In his closing arguments, chief prosecutor Alan Tieger said “hundreds of witnesses and … evidence confirmed the policy of ethnic cleansing, in which Karadzic was driving force.”
The aim of the campaign was to push the non-Serb population – Muslims and Croats – from large parts of Bosnia.
The prosecution has asked for life imprisonment.
Karadzic, now 69, was the Bosnian Serb political leader during the 1992-95 Bosnian war. He is accused of genocide, crimes against humanity and war crimes.
Among the actions he is being accused of are the massacre of some 8,000 Muslims at Srebrenica in July 1995, and the relentless shelling and sniper fire at the besieged city of Sarajevo throughout the war.
Karadzic was arrested in Belgrade in 2008, after being on the run from justice for more than 13 years.

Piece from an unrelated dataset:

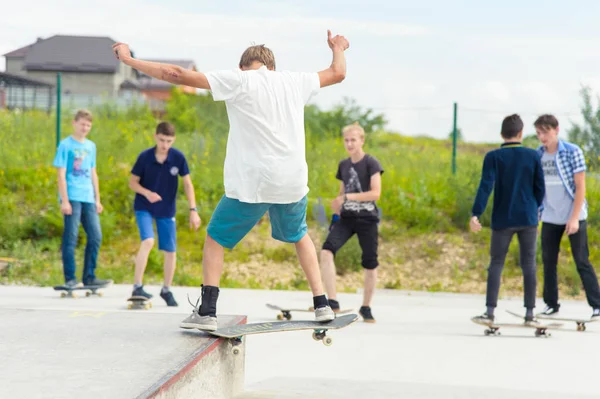 Concurso de skate no parque de skate de Pyatigorsk.Jovens skatistas caucasianos montando no skate de concreto ao ar livre.Skaters competir por prêmio.. Jovens skatistas meninos prontos para rolar na rampa de skate — Fotografia de Stock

His trial began in 2010 and is expected to reach the verdict stage late in 2015.
The former Bosnian Serb military commander Ratko Mladic is on trial separately at the tribunal on similar charges.
The two cases are the most important for the tribunal since the trial of the former Serbian and Yugoslav president Slobodan Milosevic, who was accused of ordering so-called ethnic cleansing in Bosnia, Croatia and Kosovo with the aim of creating a “Greater Serbia.”
However, Milosevic died in 2004 while still on trial, so the verdict was never delivered.
All three – Milosevic, Karadzic and Mladic – proclaimed their innocence and said their actions were intended to protect Serbs from persecution in areas where they were in a minority.